New York, 1977, les contrats pleuvent pour Big K dans cette « Big Apple » où les familles de mafiosi règnent en maîtres et distribuent bons points et punitions définitives. Big K est un tueur à gages, exécuteur des contrats d’une des principales associations de malfrats de la ville. Ce grand escogriffe efficace et froid est le meilleur dans son domaine : le meurtre commandité. Il est craint par tous et même des truands pour son manque d’affect qui ne semble affecté par aucune faille. C’est un tueur sombre, impassible et violent.
Dans une atmosphère de roman noir et de classique du cinéma des années soixante-dix, le dessin réaliste et frigorifique de cette BD crée de purs moments de violence graphique, associant des lignes qui se frictionnent et s’entrecroisent et des couleurs au ton pastel reproduisant avec vivacité l’univers sale et morbide des bars obscurs et des clubs obscènes. Rien de clinquant ici, le crime, même le plus répugnant, se déroule dans un environnement feutré. En dépit de ces qualités, le dessin peine par moments à stabiliser les traits des personnages qui sont parfois à peine reconnaissables. La posture statique et les cadrages graphiques très classiques donnent l’impression d’être confronté à un « story-board » de film de genre. Heureusement, la narration en voix off aide à cerner le personnage. La couverture peu attrayante, c’est le moins que l’on puisse dire, n’est pas un atout pour cet album.

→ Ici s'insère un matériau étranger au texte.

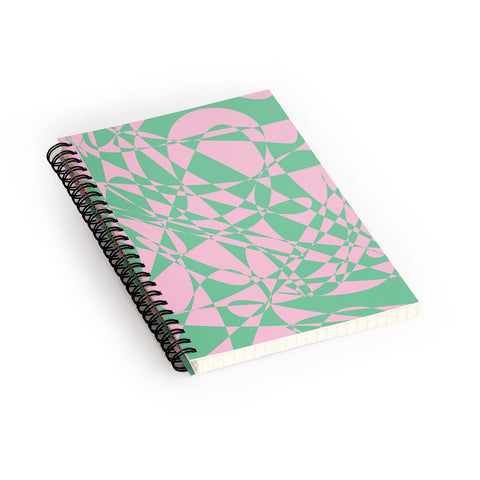 Rosie Brown Pink Doodle Spiral Notebook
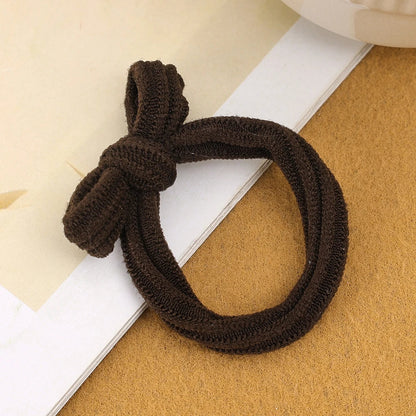 sengpan Women Girls Bow Nylon Elastic Hair Bands Hair Ties Ponytail Holder Rubber Bands Scrunchie Headwear Hair Accessories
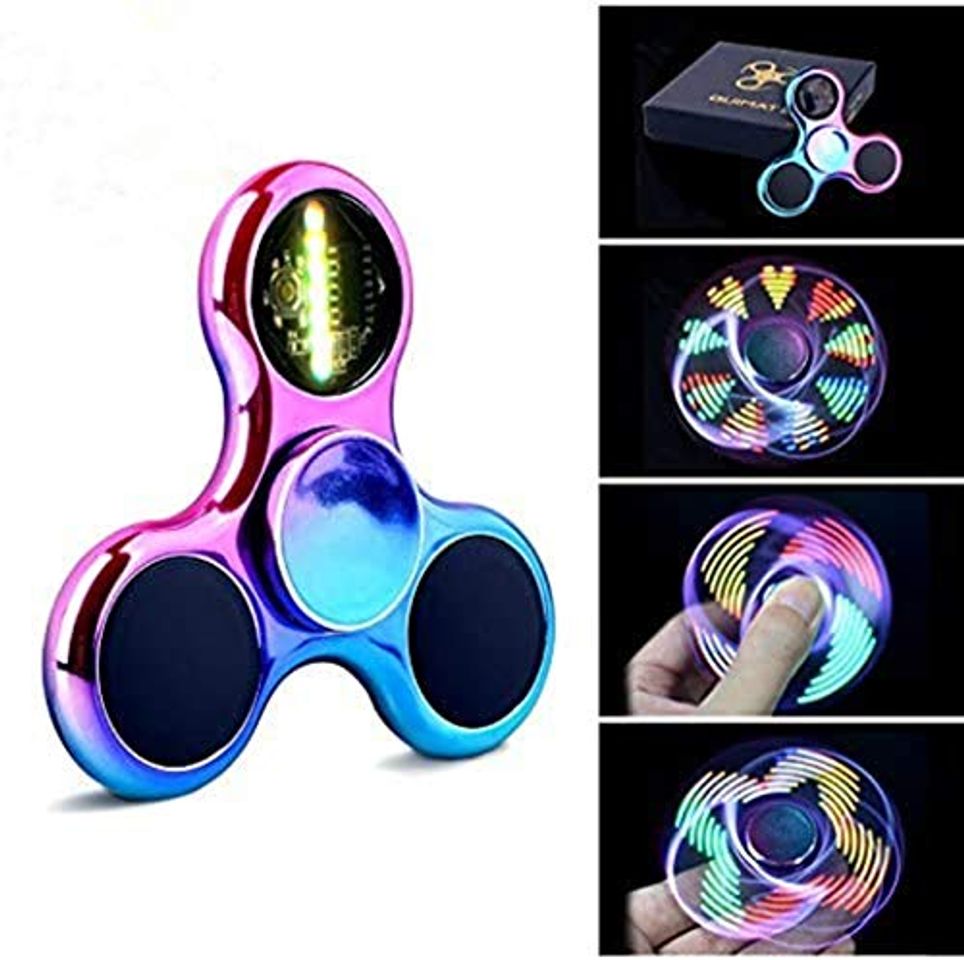 Productos Fidget Spinner Spinner de Mano Quimat con LED Se encienden Juguetes para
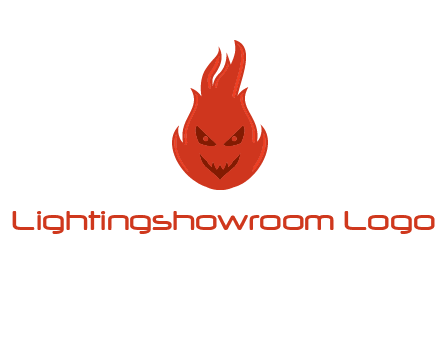 evil fire logo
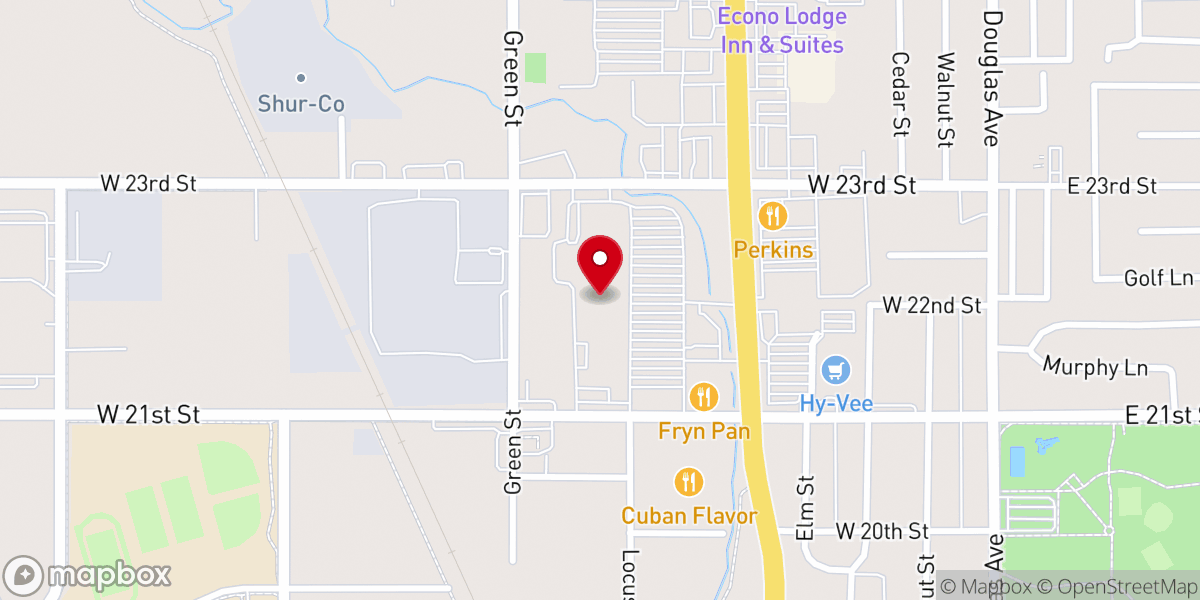 Map showing location of Restore Church - Yankton Campus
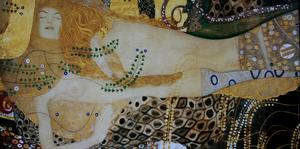 Stampa Gustav Klimt, Sea Serpents II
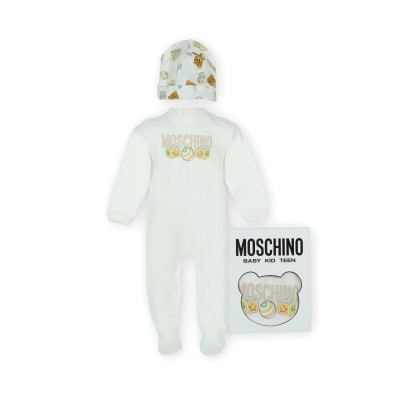 Baby 1Set Logo Toy Cloud Hat And Bib Co-ord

Le scénario ne s’arrête pas à décrire la noirceur d’un monde voué au crime mais donne à voir la lente fabrication d’un monstre. Big K est un produit de la violence de la société d’après-guerre. Les flash-backs bien montés mettent en avant le point de rupture qui va forger la vie future de l’enfant. C’est, en quelque sorte, un « self-made man américain » à sa façon. Il incarne la réussite dans son domaine de compétence : la mort. Il se ballade d’ailleurs avec une sorte de double : conscience morbide et mortifère. Tous les protagonistes sont d’ores et déjà des cadavres ambulants : « la violence (est) un moyen d’expression, peut-être le plus puissant du monde. » La seule chose sûre dans la vie est qu’on va mourir.
Nous sommes confrontés à une vision extrêmement noire de l’existence en suivant ce personnage à l’esprit torturé et vengeur. Ce mercenaire s’abreuve à la source de la mort en abrogeant la vie de ceux qui lui sont nommés ou qui, selon ses propres critères, méritent de disparaître.
Ce portrait d’un criminel sans pitié devrait séduire les amateurs de polars à l’américaine mais, en installant le lecteur dans une lecture plus psychologique de ses actes, ce récit peut également satisfaire les curieux voulant comprendre les mécanismes qui fabriquent un assassin glacial sans regret ni remord.